• _TRY IT_
Below are records to return verbatim; the pictures are to be dropped.

• _RECORDED DATA_
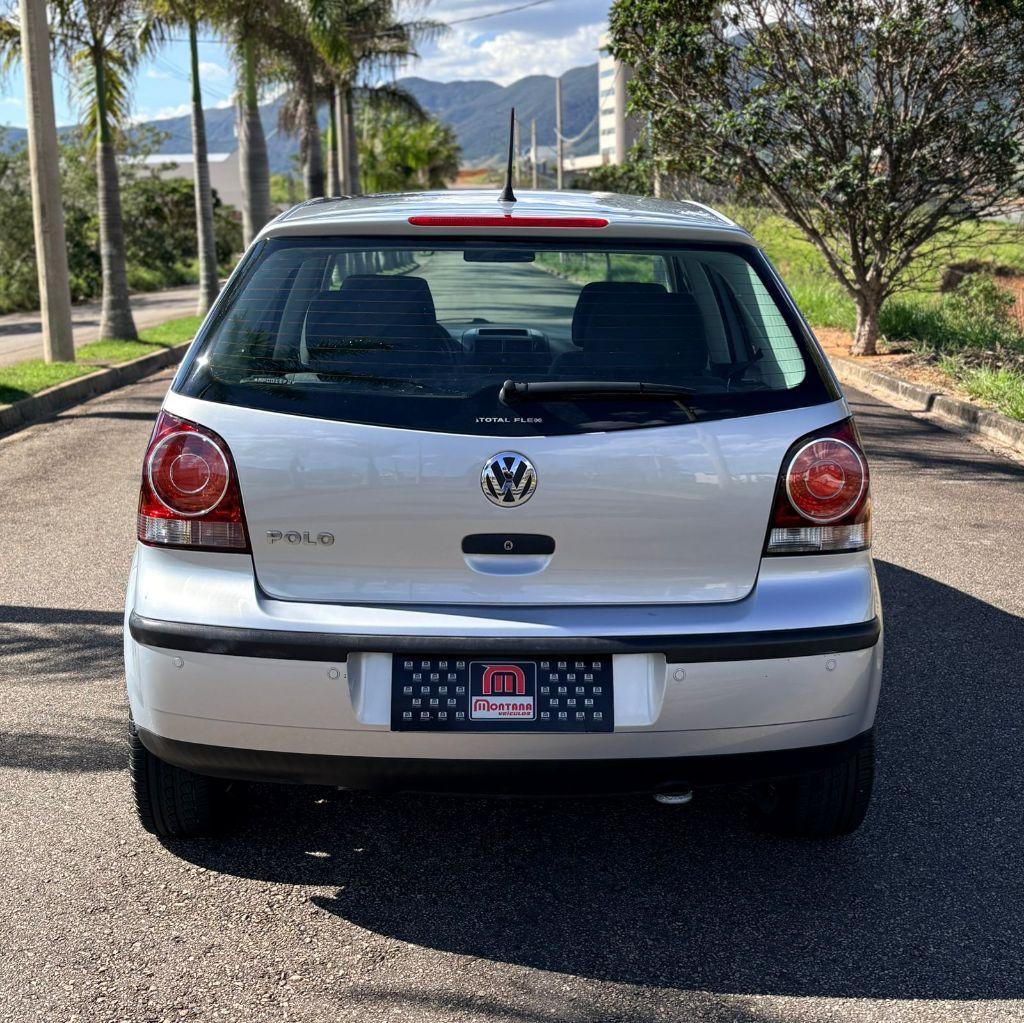 VOLKSWAGEN Polo Hatch - Foto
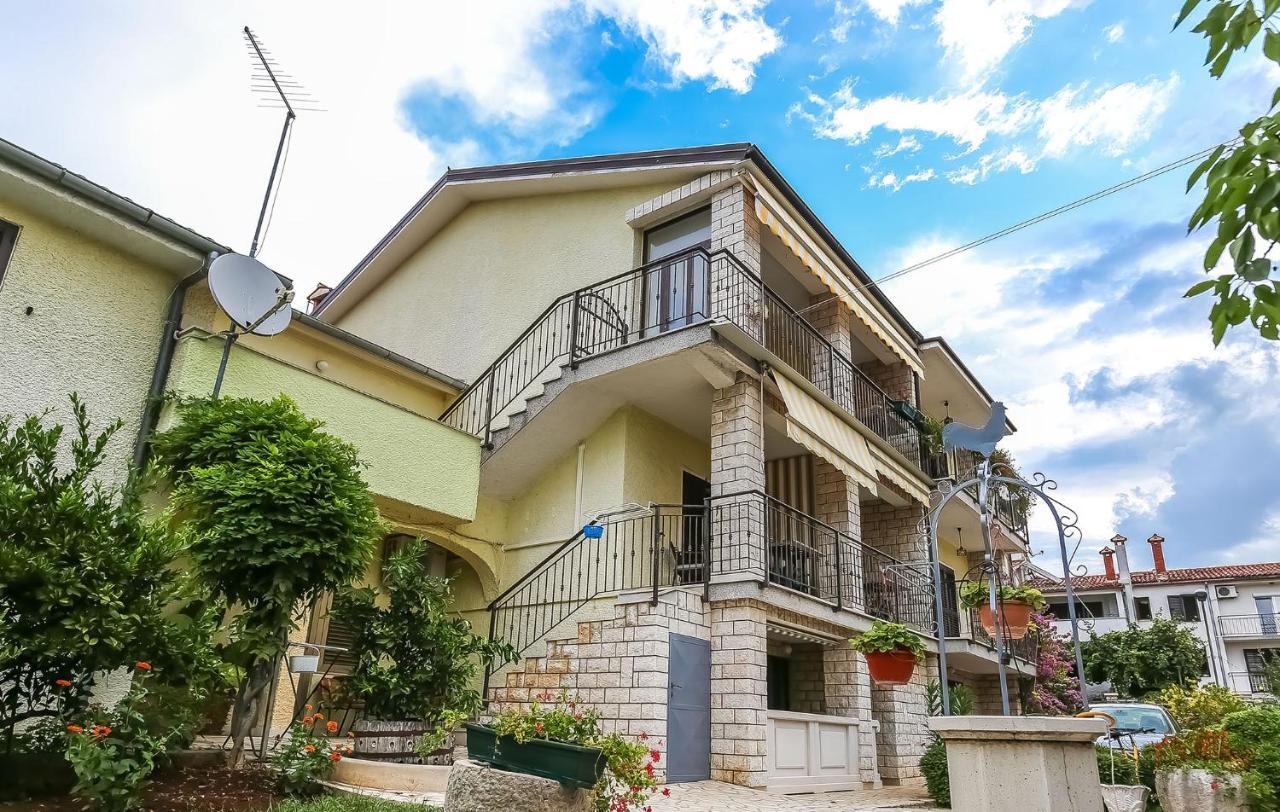 Apartamento Mima Poreč Exterior foto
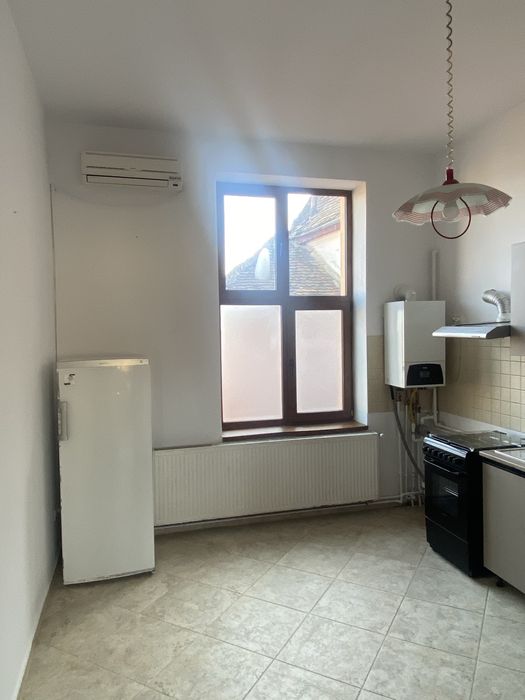 Vanzare apartament  ULTRACENTRAL, 2 camere, Medias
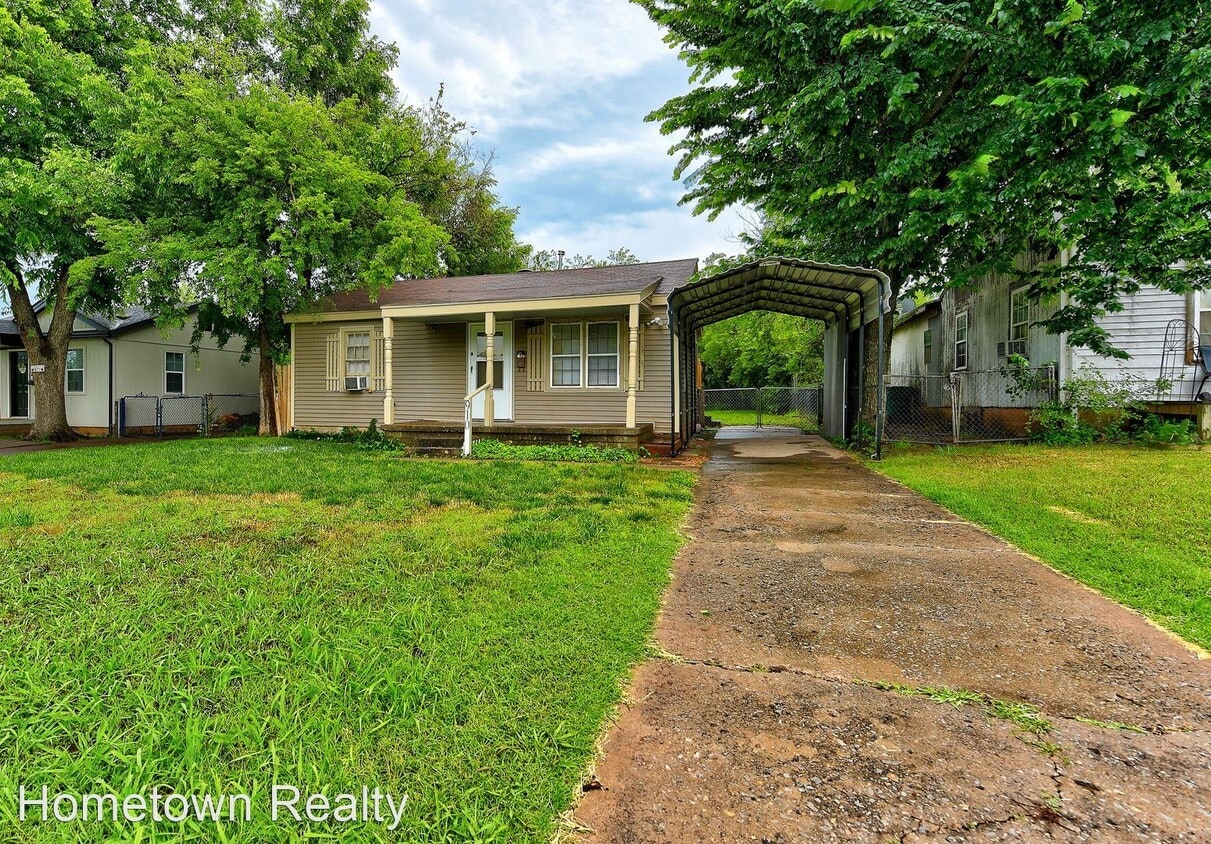 Primary Photo - 2 br, 1 bath House - 910 NW 99th Street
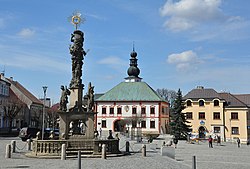 Žďár nad Sázavou (Saar), Hauptplatz mit Pestsäule und Rathaus (39627995870).jpg
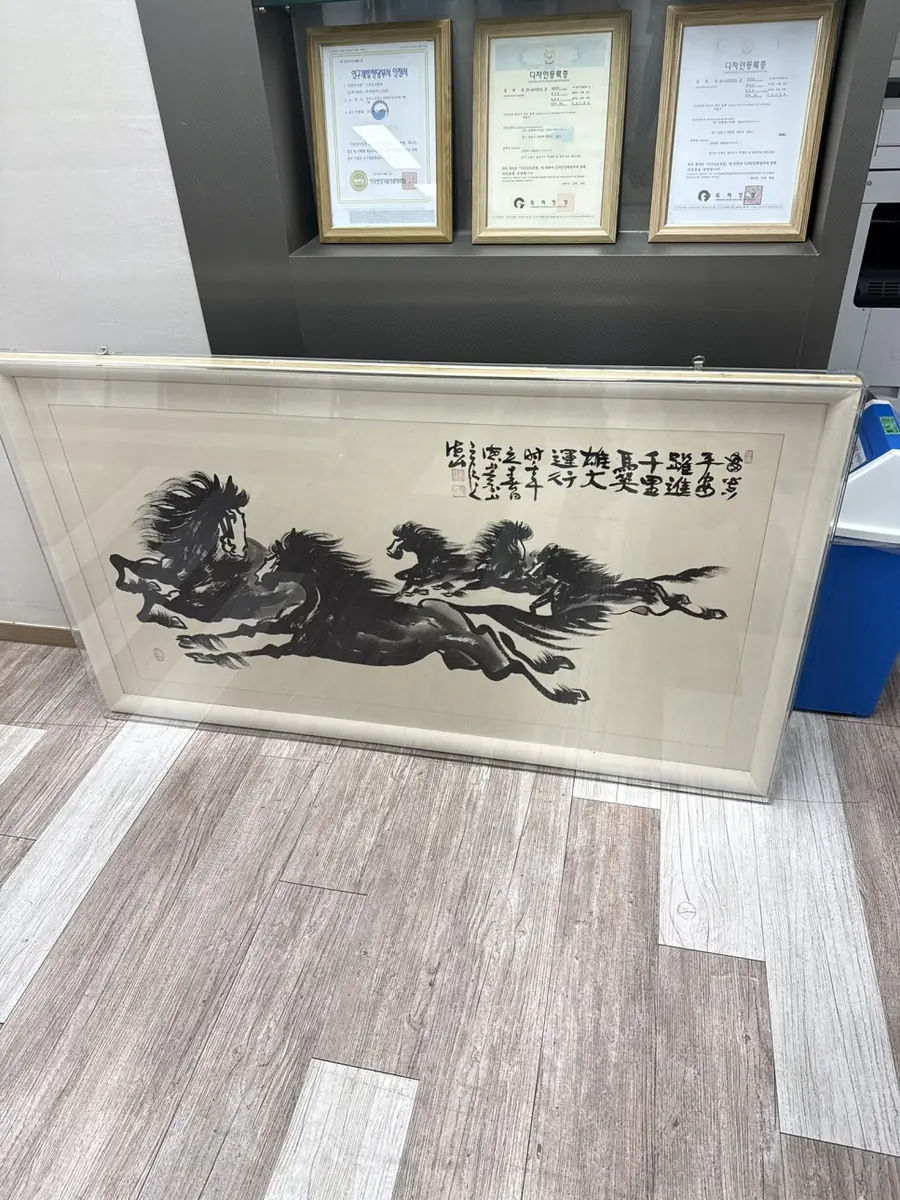 20년 된 붓글씨 말 그림 재표구, 한화비즈메트로2차 사무실 현장 사진 2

• _COMPLETED EXERCISE_
 VOLKSWAGEN Polo Hatch - Foto
 Apartamento Mima Poreč Exterior foto
 Vanzare apartament  ULTRACENTRAL, 2 camere, Medias
 Primary Photo - 2 br, 1 bath House - 910 NW 99th Street
 Žďár nad Sázavou (Saar), Hauptplatz mit Pestsäule und Rathaus (39627995870).jpg
 20년 된 붓글씨 말 그림 재표구, 한화비즈메트로2차 사무실 현장 사진 2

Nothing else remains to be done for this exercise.